▶ [Required action] The required output is the exact run of lines from the one bearing "Pair of Moorish" through the final line of the listing below, with the pictures removed.

BEGIN Dataset excerpt

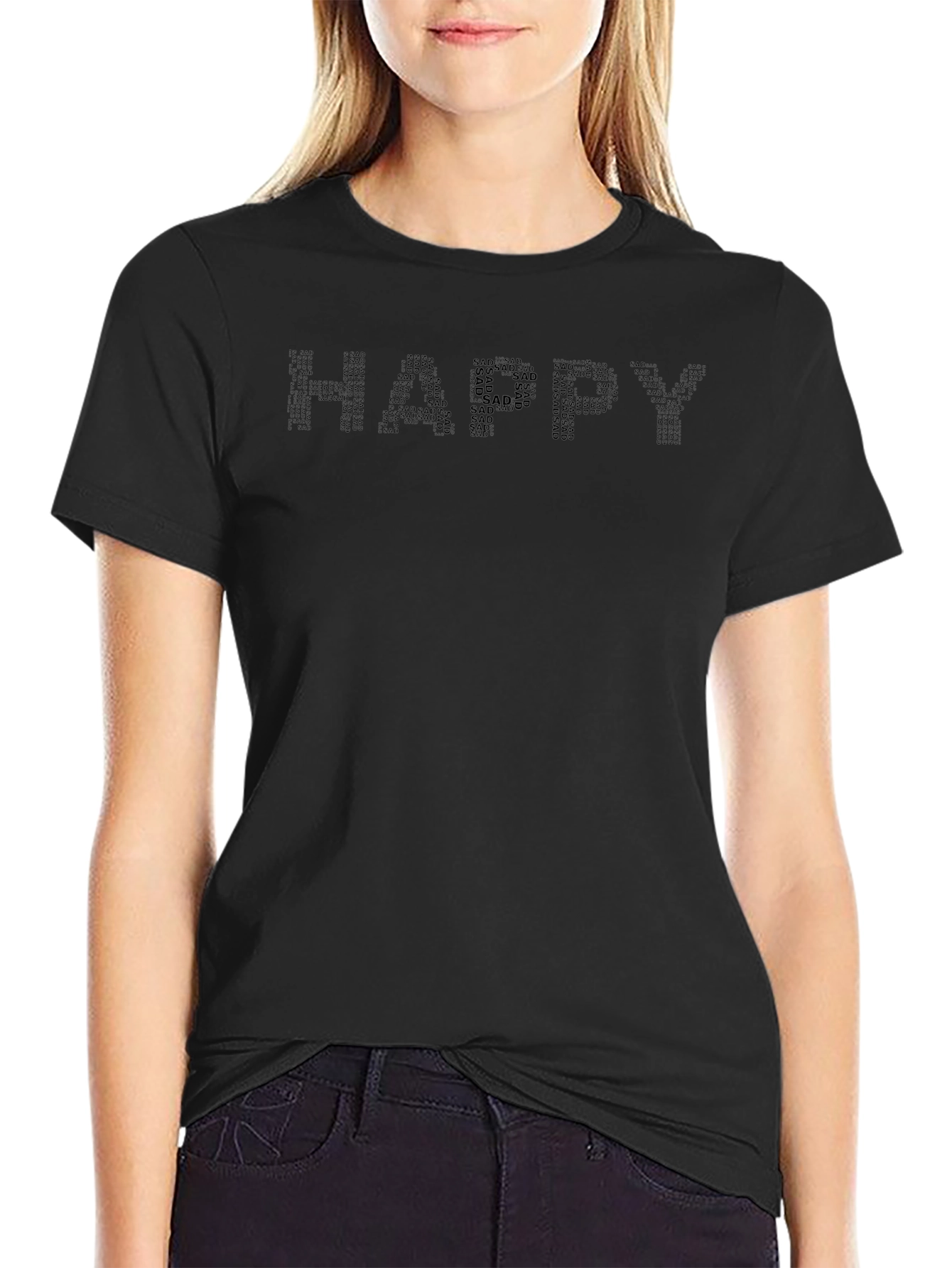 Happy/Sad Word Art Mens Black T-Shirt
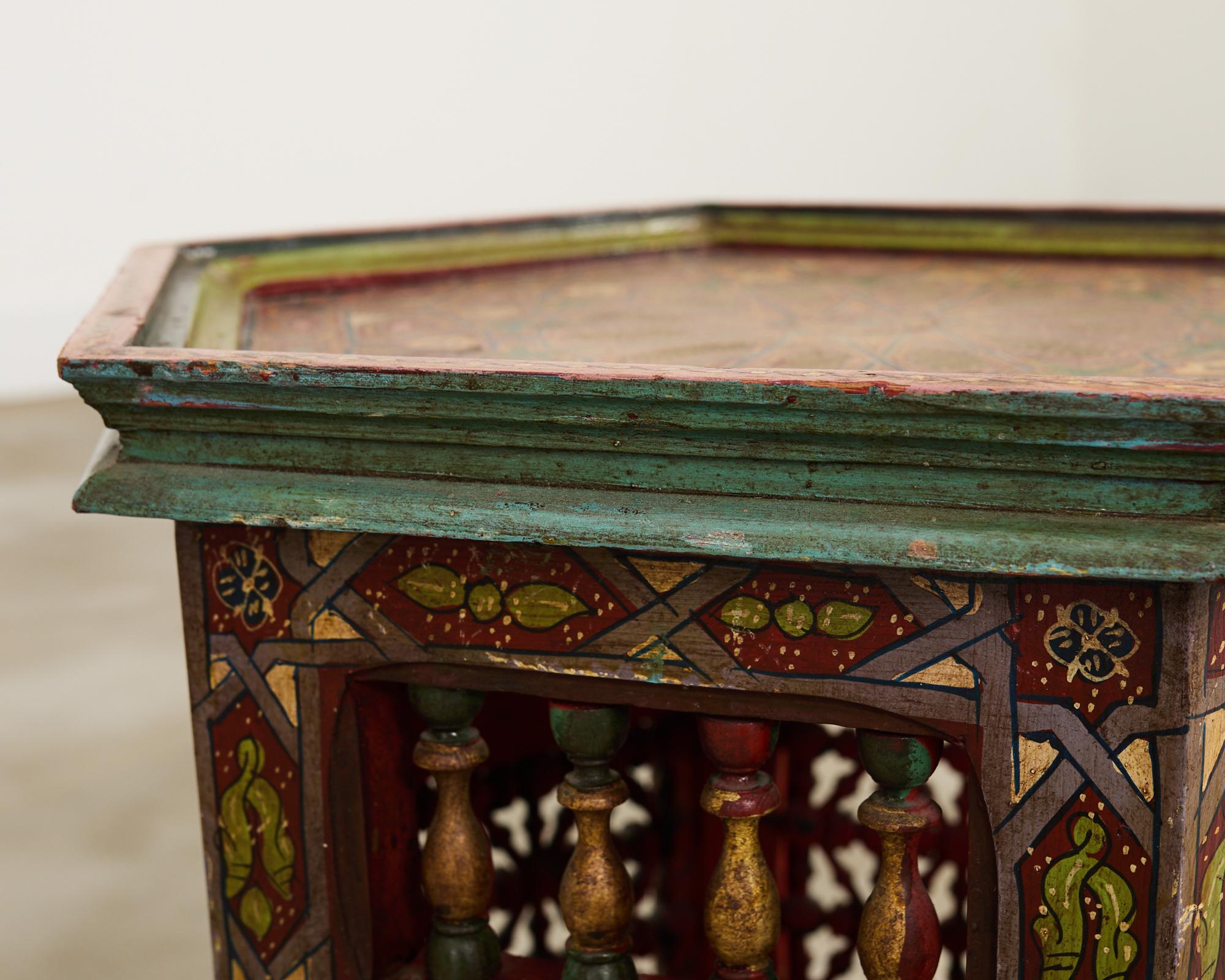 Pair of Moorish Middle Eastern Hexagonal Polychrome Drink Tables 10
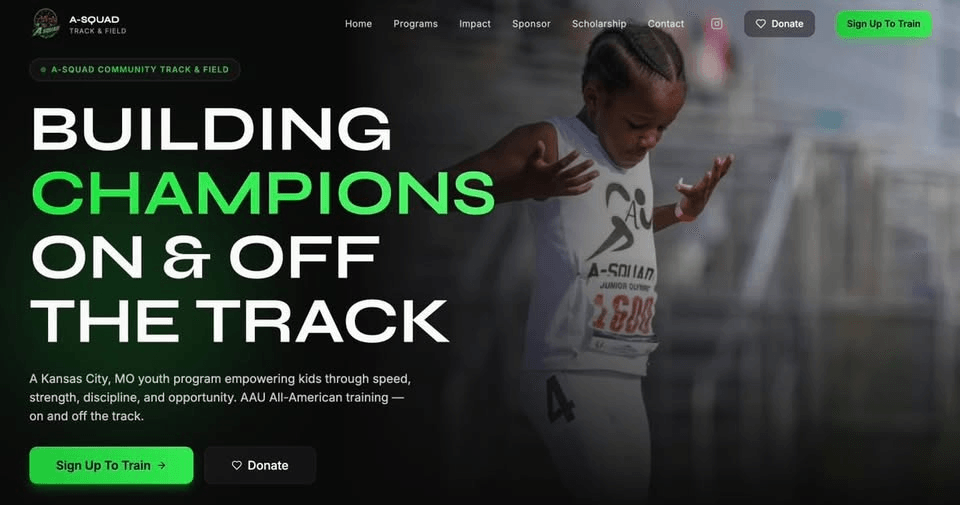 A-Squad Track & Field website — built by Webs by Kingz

END Dataset excerpt

▶ [Reply to the exercise]
 Pair of Moorish Middle Eastern Hexagonal Polychrome Drink Tables 10
 A-Squad Track & Field website — built by Webs by Kingz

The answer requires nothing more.